As you can probably tell, I’m not a fan of this shorthand syntax. I feel that it obscures function bodies, making them implicit, and at a glance it looks too similar to a simple expression. I’m sure mathematicians love it, but I came to computer science via science and it makes my brain hurt.

### Now With Added Curry

Functional programmers are also likely unsatisfied with my mentioning currying at the start of the article, because *technically* the problem is about partial application via function binding. So let me show why I thought “currying” when I saw the problem.

Here’s our problem and solution in shiny new ECMA syntax:

```
let add = (a, b) => a + b;
let mybind = (fn, a) => (b) => fn(b, a);
let add2 = mybind(add, 2);
console.log(add2(5));
```

Currying is taking a function with multiple arguments, and reducing it to a sequence of applications of functions with a single argument. So *f(x,y,z)* becomes *f’(x)(y)(z)*, where *f’* is the curried version of *f*. *f’(x)* returns an unnamed function, and when that function is called with the value `y`

*that* returns a function, and when *that* function is called with the value `z`

it returns the answer.

We can then go further and say that *f(x,y,z)* is *curry(f)(x)(y)(z)* where *curry* is the currying function which takes *f* and returns *f’*.
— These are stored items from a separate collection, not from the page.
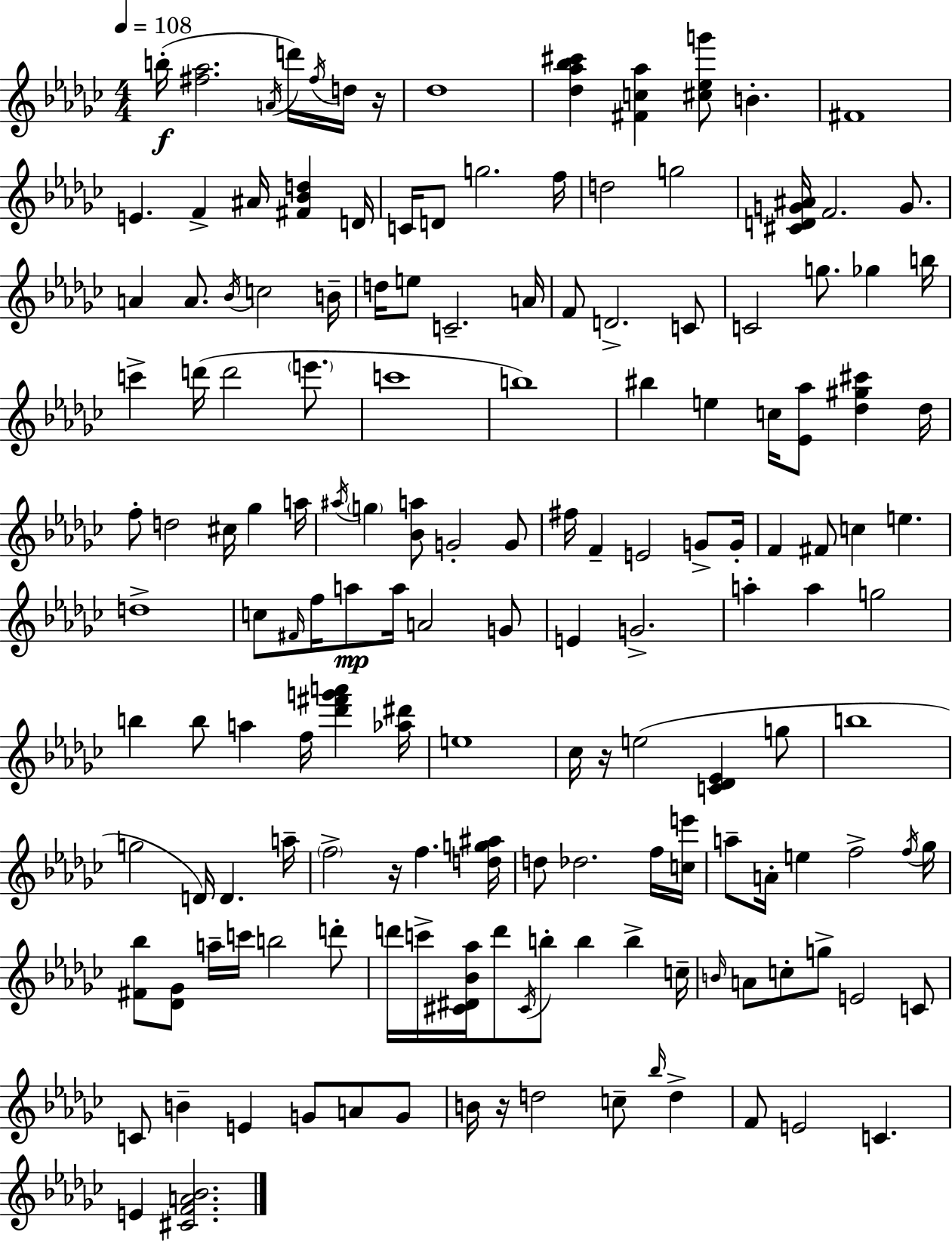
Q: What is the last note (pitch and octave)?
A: E4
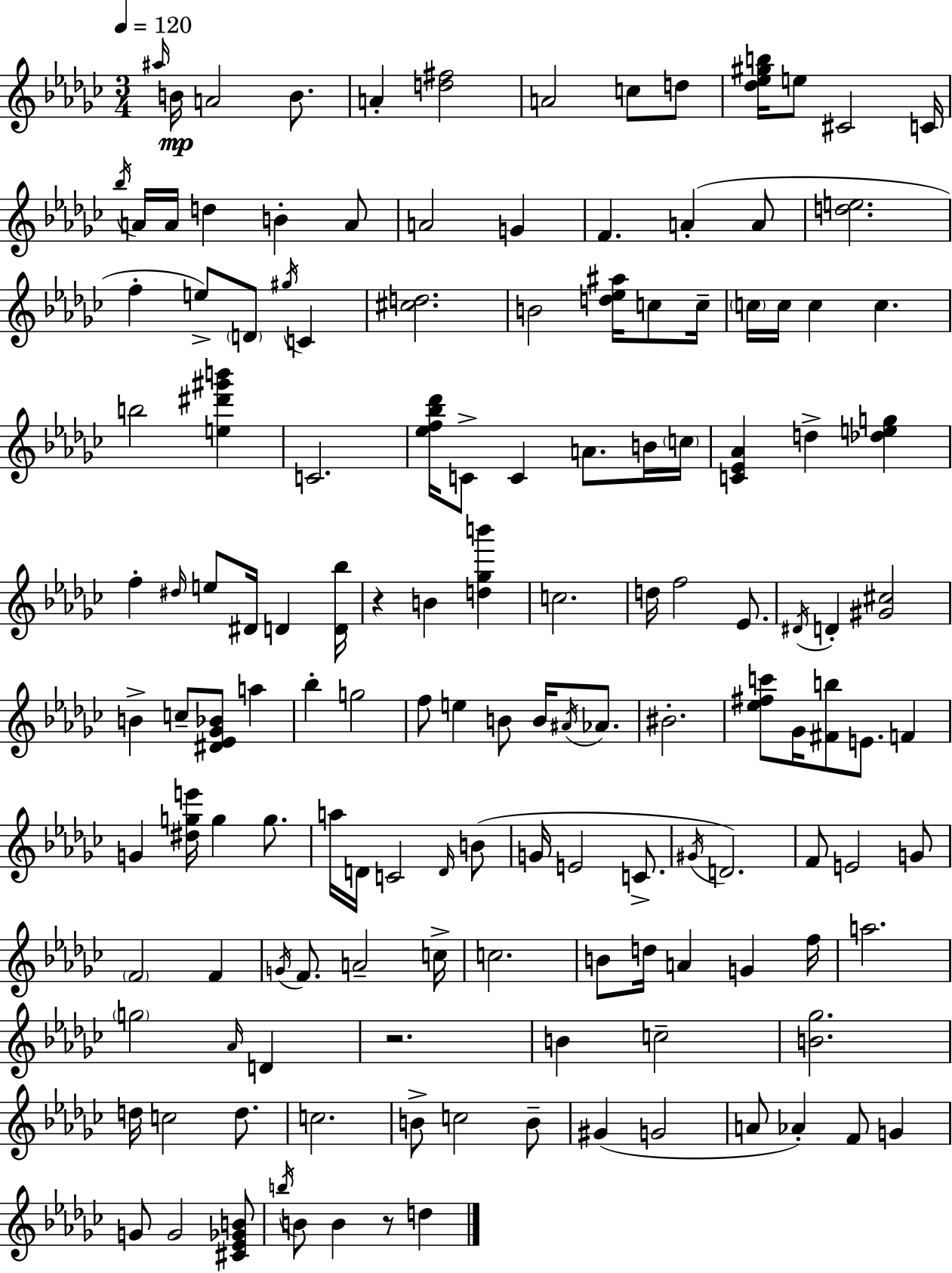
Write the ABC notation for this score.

X:1
T:Untitled
M:3/4
L:1/4
K:Ebm
^a/4 B/4 A2 B/2 A [d^f]2 A2 c/2 d/2 [_d_e^gb]/4 e/2 ^C2 C/4 _b/4 A/4 A/4 d B A/2 A2 G F A A/2 [de]2 f e/2 D/2 ^g/4 C [^cd]2 B2 [d_e^a]/4 c/2 c/4 c/4 c/4 c c b2 [e^d'^g'b'] C2 [_ef_b_d']/4 C/2 C A/2 B/4 c/4 [C_E_A] d [_deg] f ^d/4 e/2 ^D/4 D [D_b]/4 z B [d_gb'] c2 d/4 f2 _E/2 ^D/4 D [^G^c]2 B c/2 [^D_E_G_B]/2 a _b g2 f/2 e B/2 B/4 ^A/4 _A/2 ^B2 [_e^fc']/2 _G/4 [^Fb]/2 E/2 F G [^dge']/4 g g/2 a/4 D/4 C2 D/4 B/2 G/4 E2 C/2 ^G/4 D2 F/2 E2 G/2 F2 F G/4 F/2 A2 c/4 c2 B/2 d/4 A G f/4 a2 g2 _A/4 D z2 B c2 [B_g]2 d/4 c2 d/2 c2 B/2 c2 B/2 ^G G2 A/2 _A F/2 G G/2 G2 [^C_E_GB]/2 b/4 B/2 B z/2 d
When I saw the problem, I imagined a curried add function:

```
let cadd = (a) => (b) => add(b, a);
```

The imaginary curried add `cadd(a)`

would return a function which, when applied to `b`

, would call `add(a, b)`

and return the result.

The `cadd`

function is similar to mybind, except that `mybind`

takes an additional argument for the function to apply instead of `add`

:

```
let mybind = (fn, a) => (b) => fn(b, a);
```

So let’s finish the currying process. Given that we know what curried add would look like, we can write the currying function which, given `add`

, returns `cadd`

:

```
let curry = (f) => (a) => (b) => f(b, a);
```

And sure enough:

```
let add = (a, b) => a + b;
let curry = (f) => (a) => (b) => f(a, b);
console.log( curry(add)(5)(2) ); // outputs 7
```

If you’re totally lost, don’t worry too much — this is pretty much useless, except for passing a computer science degree or terrifying people in technical interviews.